Fiquei observando a interação das duas irmãs. Encostei a cabeça de lado na porta. Não me parece tão diferente da relação que eu tenho com meu irmão.

— Você vai pra casa assim que a médica te liberar.

— Não posso voltar pra casa assim... – mordeu o lábio — Imagine só o inferno que vai ser?

— Eu sei... – Alicia torceu a boca — Então você fica comigo... Por um tempo – ergueu o dedo e Aline riu de novo — Sabe que eu não gosto de dividir meu espaço com ninguém.

— Eu sei, você é esquisita.

As duas riram juntas e Alicia deu um beijo de leve na testa dela e levantou. Me virei pra sair e quase me bati com Douglas, atrás de mim.

— O que foi agora?

— Sua mãe ligou pra mim. Se sairmos agora, nós chegamos com folga ao jantar.
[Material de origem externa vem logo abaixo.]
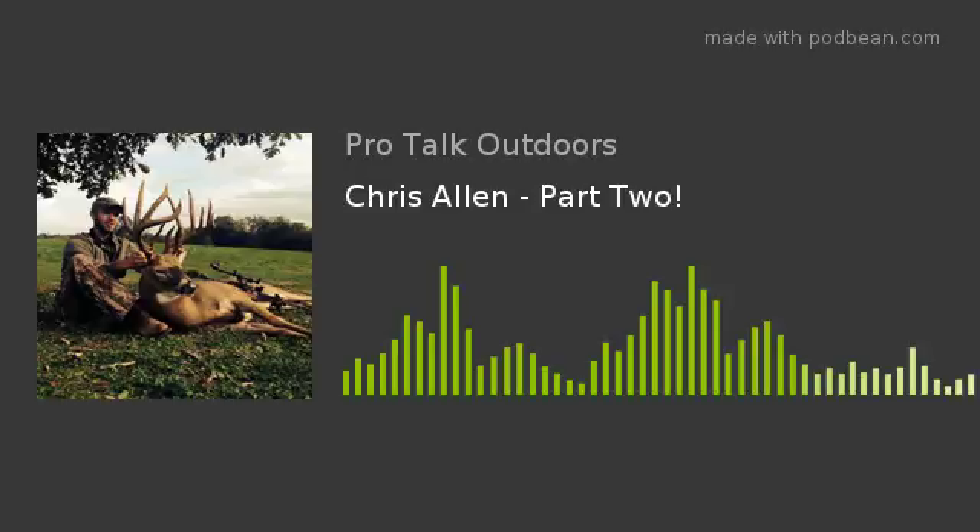Welcome back to part two. We had a really good in-depth interview with Chris Allen and touched on a lot of different subjects. Chris is not necessarily what you'd consider a household name, but he had a lot of great information. If I can listen to a podcast and pick up one thing I hadn't done before to improve my hunting ability, I consider that a great podcast. Listening to Chris, I picked up three or four things that I thought were really helpful.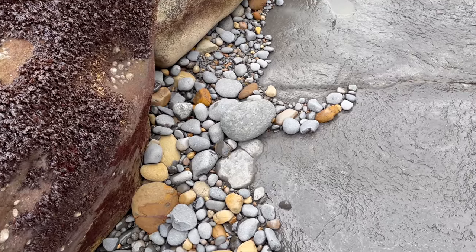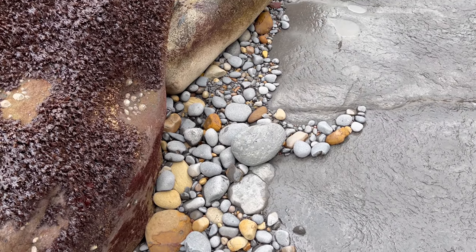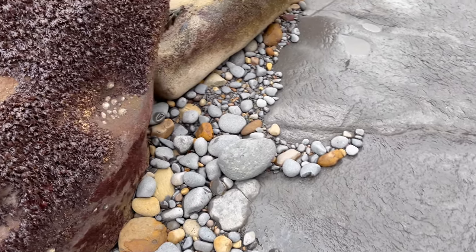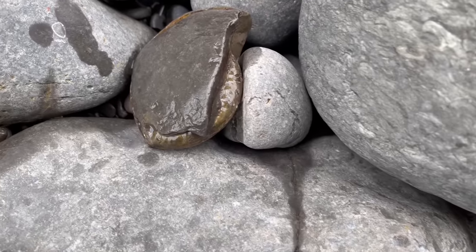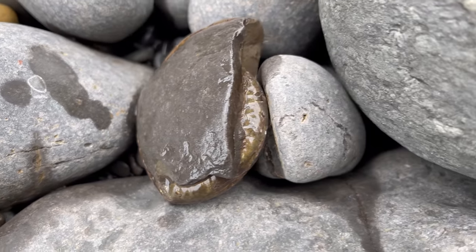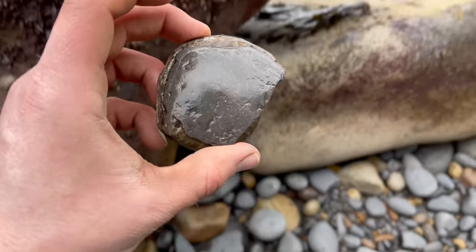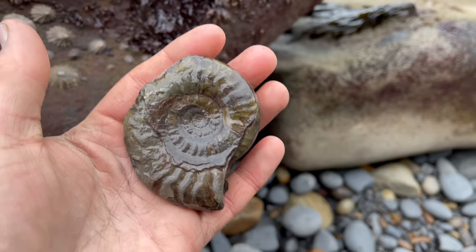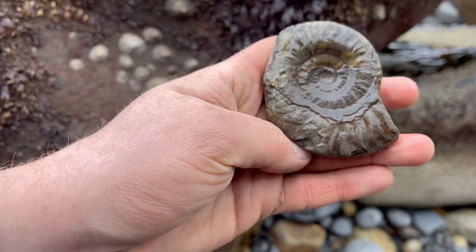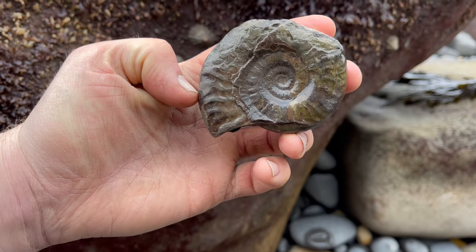I've spotted another lovely, potentially really nice ammonite. Can you see where this one is? This one is right there — I can see the golden edge. A moment of truth, and it's a perfect one. Lovely pyritised specimen, which makes it have the golden appearance. This species is a Grimoceros, which is relatively uncommon.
— Eu não vou – mexi o pescoço de um lado para o outro — Já enviei mensagem avisando.

— Mas ela acabou de me ligar.

— E o que você disse?

— O que eu poderia dizer? – abriu a mão — Que você estava ocupado e ela me perguntou se era alguma mulher. – ergui a sobrancelha — Eu disse que não... Mas...

— Mas... Fala o que é?

— Não sei como, Silvia sabia que você estava com uma ruiva e eu fiquei calado. Nem disse sim e nem não.

— Ah, minha mãe – abaixei a cabeça, esfregando os dedos na testa — Pode pegar meus comprimidos de enxaqueca? Deixei no carro.

— Estão aqui comigo – enfiou a mão no bolso e tirou a caixinha — Vou pegar água – me passou a caixinha e saiu.

— Mateo... Você está bem? – Alicia parou ao meu lado — Olha, vai pra casa, eu me sinto mal em te segurar aqui. Isso nem é da sua conta mesmo.

— Ah, agora quer se livrar de mim, depois que eu fiz todo o trabalho pesado? – brinquei.

— Não, pelo amor de Deus. Se não fosse por você... Ouviu o que a médica disse. – engoliu seco — Aline não estaria aqui agora, se recuperando. Você foi um herói de verdade.

— Hum... Acho que gosto desse título. – ela me deu um tapinha — Ai! – segurei o braço.

— Não exagere – sorriu e ajeitou o cabelo — Pode ir se quiser. Eu vou ficar um pouco lá dentro.

— Eu fico com você mais um pouco.

Douglas retornou com uma garrafinha.

— Aqui está. – me passou a água — Tudo bem com sua irmã?

— Vai melhorar, obrigada!

— E então? – olhou pra mim.

— Eu não vou. Pode voltar se quiser.

Ele me puxou de lado e falou baixo.

— Você está se metendo em um problema grande – olhou pra trás — E duplamente.